Sir I‘m a Scouser transplanted    
You‘re all wooly back‘s to me    

Here in Vancouver right now it‘s snowing and cold.  

As for your digital photo‘s we have a link for former battle site‘s in the photo section you can down load them to if you wish.
It‘s a new topic that Mike started and we are hoping for more photo‘s of Former Battle Site‘s.

If you have any trouble down loading them just contact Mike Bobbit and he will be more than willing to help you posting them.

Again welcom and a Happy New Year as you have less than 2hrs. to go for 04.

It‘s 14:05 here right now.


----------



## Ian McF (1 Jan 2004)

I did notice the photo section, and had a quick look at putting some images in to it. The ones I have stored are all circa 1.5Mb, so need reducing in size before posting.
Looks like a job for later on.
I‘ve got quite a lot from various areas so if there are others of interest let me know.
Happy New Year to all


----------



## Spr.Earl (1 Jan 2004)

> Originally posted by Ian McF:
> [qb] I did notice the photo section, and had a quick look at putting some images in to it. The ones I have stored are all circa 1.5Mb, so need reducing in size before posting.
> Looks like a job for later on.
> I‘ve got quite a lot from various areas so if there are others of interest let me know.
> Happy New Year to all [/qb]


Not being well versed in the new age,I imagine you can reduce the size.

If there is a subject that‘s needed contact Mike and he will make it for your photo‘s.

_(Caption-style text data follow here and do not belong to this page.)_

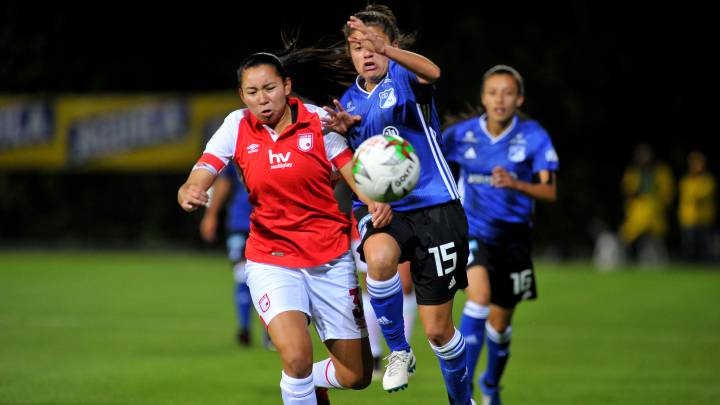 Millonarios Femenino recibe a Fortaleza en El Campín. Las Embajadoras buscan su segunda victoria en Liga para empezar a soñar con la siguente ronda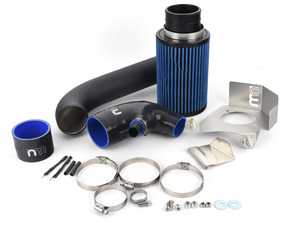 ES#2843632 - NM.658858B.1 - NM Hi-Flow Induction Kit - Black - Oil Filter - Open-Air-Box air intake system - NM Engineering - MINI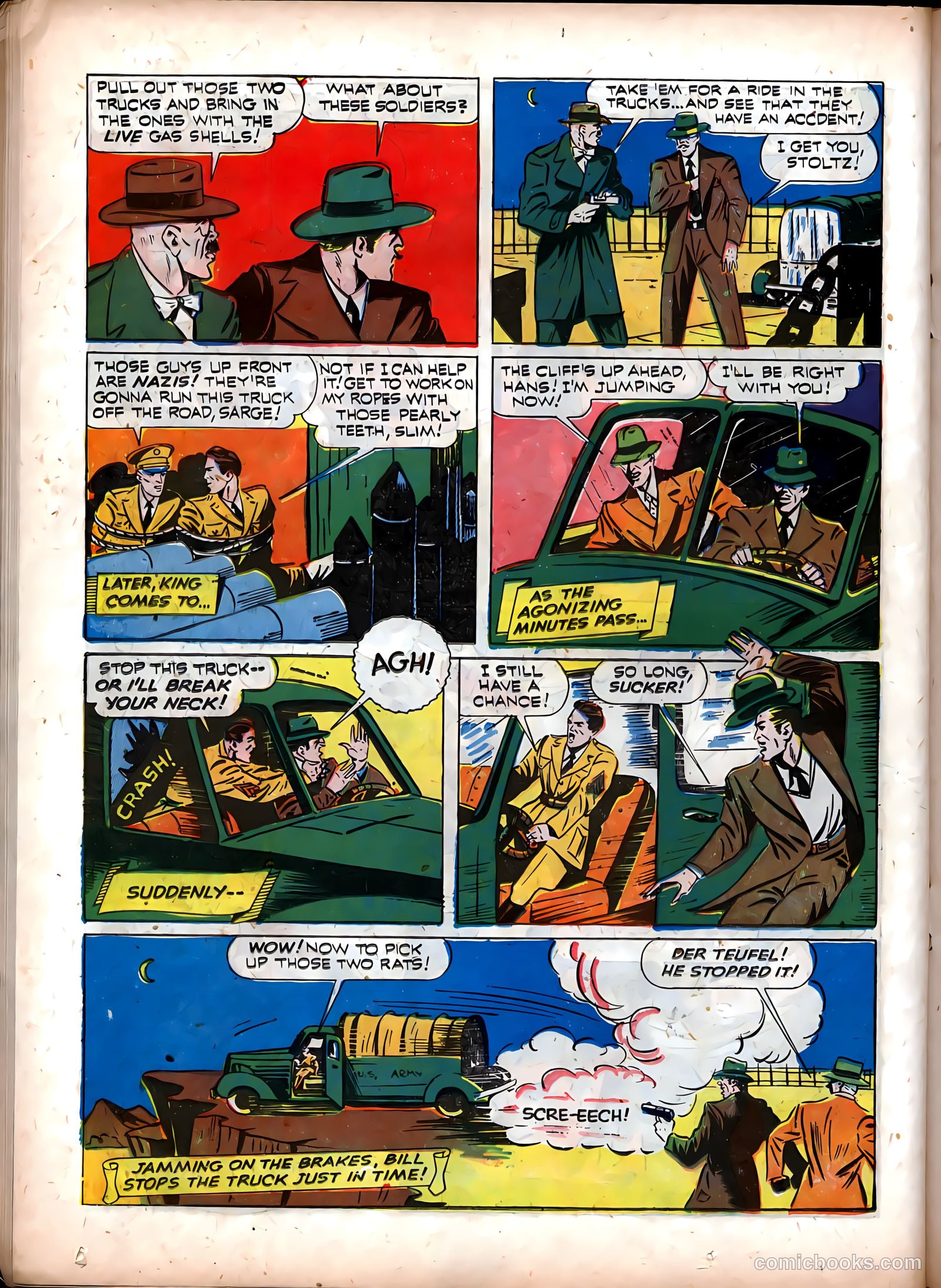 Exciting Comics #18 (1942) — page 30 of 68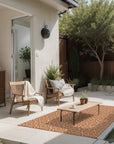 OWEN indoor and outdoor carpet made from recycled fibres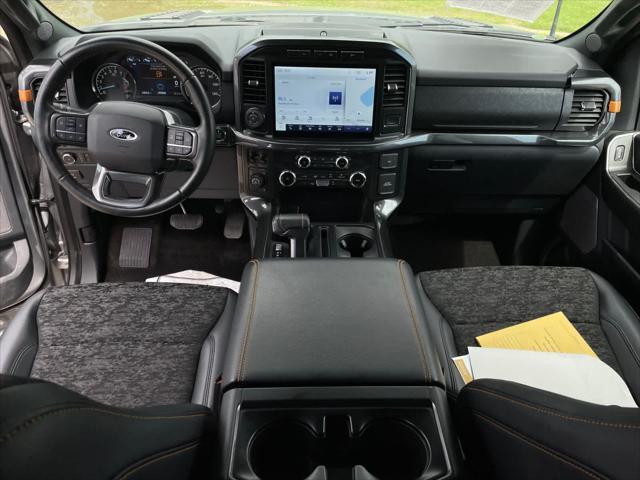 used 2022 Ford F-150 car, priced at $49,535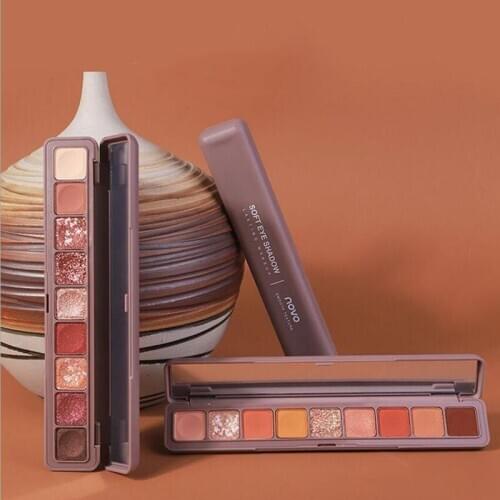 9 Colors Fashion Eyeshadow Palette Pearlescent Matte Color Eye Shadow Lasting Without Makeup Cosmetic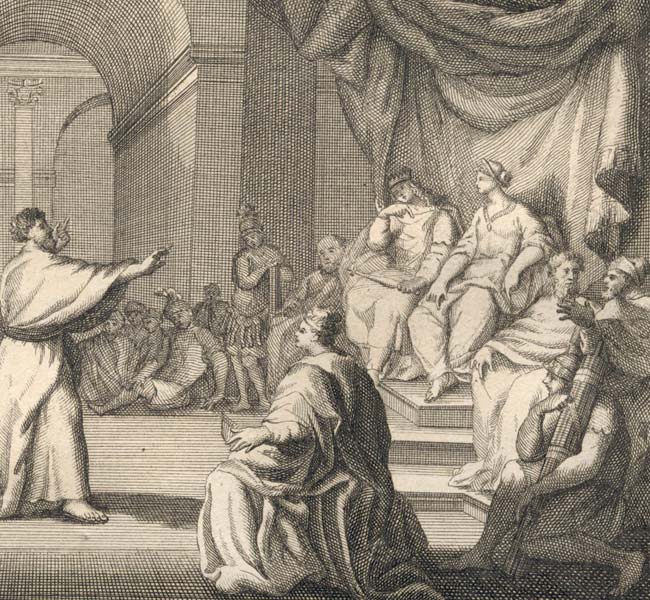 Acts Images - Paul before King Agrippa
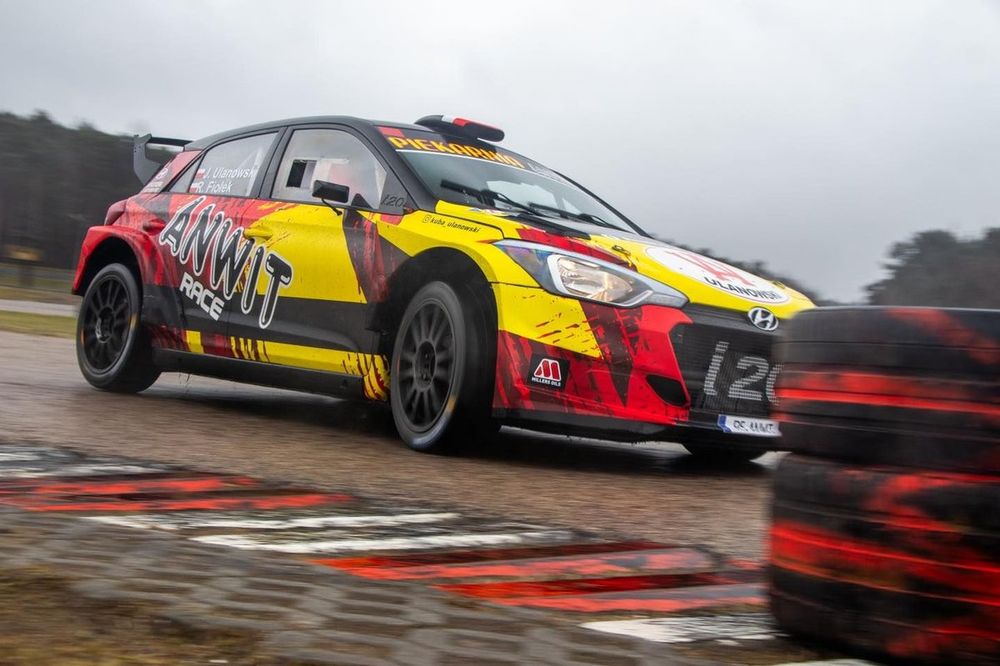 Jakub Ulanowski, Rafał Fiołek, Hyundai i20 R5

As you have seen we are trying to make a over all site for all Arm‘s even other Nation‘s as quite a few here have not been over seas or are thinking about joining one of our discipline‘s and every little bit help‘s even guiding them what to is expected of them etc.

What would be nice is some of your thought‘s what is expected of Pvt.‘s Rifleman, LCpl.‘s,Cpl.‘s in the Infantry in the U.K. when the need arise‘s.

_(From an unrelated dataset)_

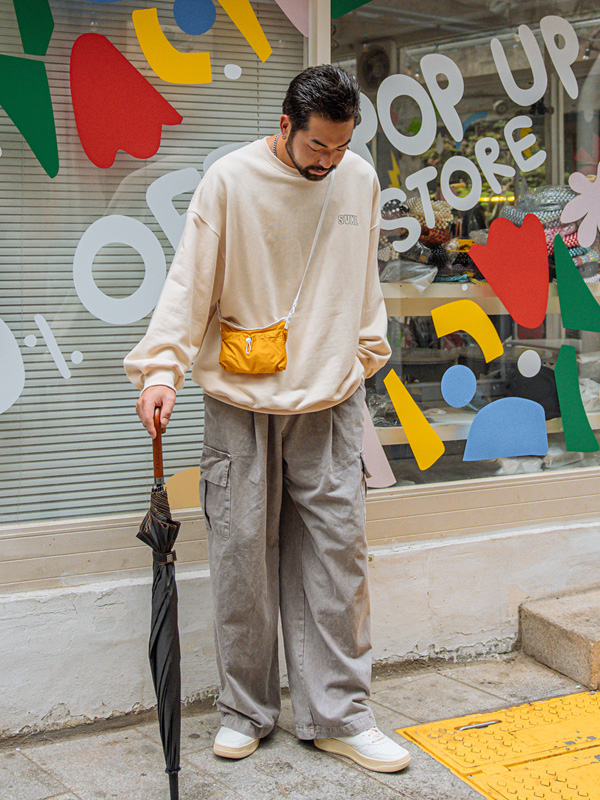 (XL-6XL)<BR>슈샤티 cargo-banding pants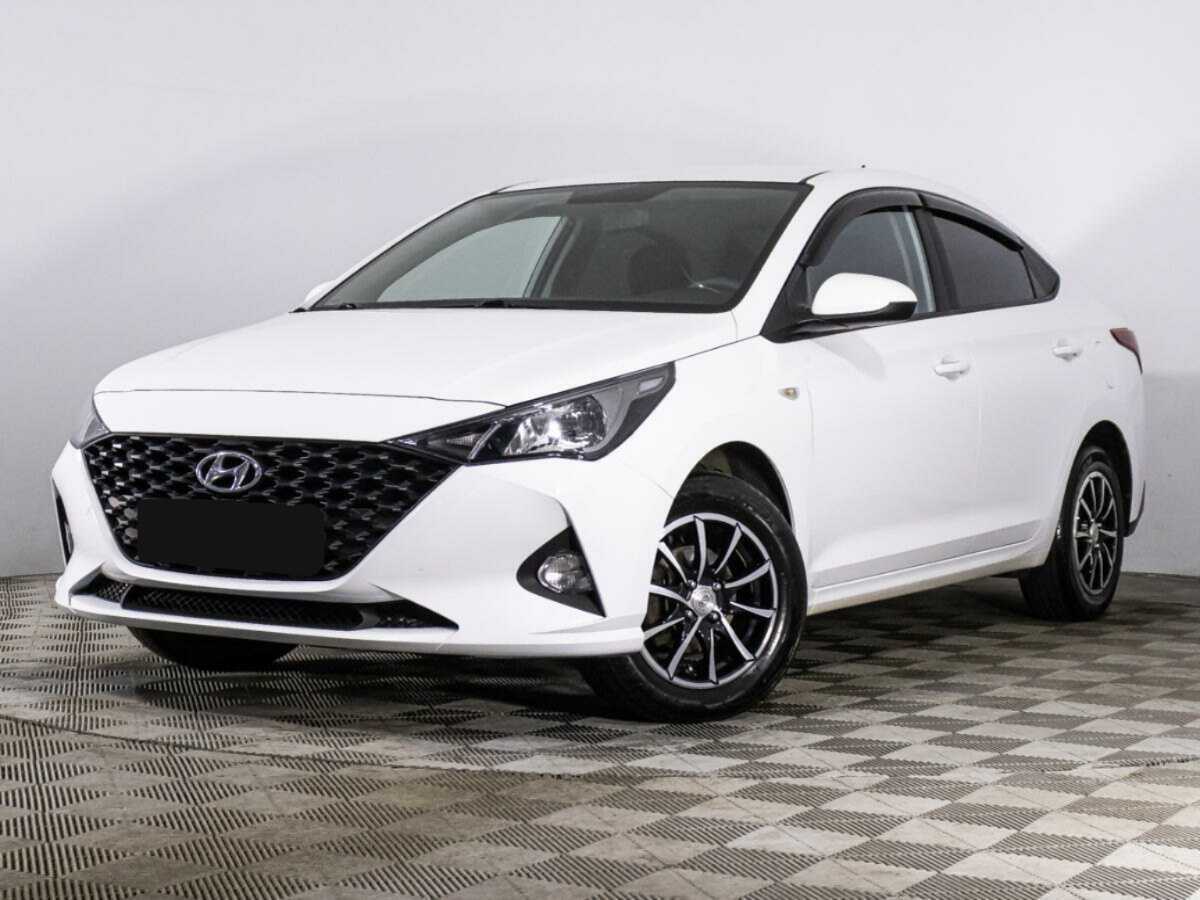Hyundai Solaris, 2021 Фото №1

Every thing help‘s Ian if I may call you Ian.

Oh by the way great museum in the Tower!


----------



## Ian McF (1 Jan 2004)

I‘ve done the "Darkroom" bit with some of the photos and uploaded them to "Former Battle sites". Descriptions etc completed for them which I hope are self explanatory. I have others (lots) but interesting ones are probably printed from 35mm and will need scanning; a project for another day.

Thoughts on Junior Ranks - we can go into detail separately. They are (in my opinion) the most important people on whom success or otherwise lies.

Ian is fine; my friends call me "McF"


----------



## Spr.Earl (3 Jan 2004)

> Originally posted by Ian McF:
> [qb] I‘ve done the "Darkroom" bit with some of the photos and uploaded them to "Former Battle sites". Descriptions etc completed for them which I hope are self explanatory. I have others (lots) but interesting ones are probably printed from 35mm and will need scanning; a project for another day.
> 
> Thoughts on Junior Ranks - we can go into detail separately. They are (in my opinion) the most important people on whom success or otherwise lies.
> ...


For give my forwardness on my last post (in the cup‘s)New  Year‘s.
Thank‘s for your photo‘s McF,Sir.
It‘s the first time I‘ve seen photo‘s of the Monument to Royal Nfl. Regiment.


----------



## a23trucker (3 Jan 2004)

I must admit that I was quite disappointed with the Vimy battlefield. The site is now obsured by the trees planted to remember those who paid the ultimate price, I would have prefered that the site be maintained in it‘s wartime vista. Having said that, the weight of the history of the site is still  extremely moving.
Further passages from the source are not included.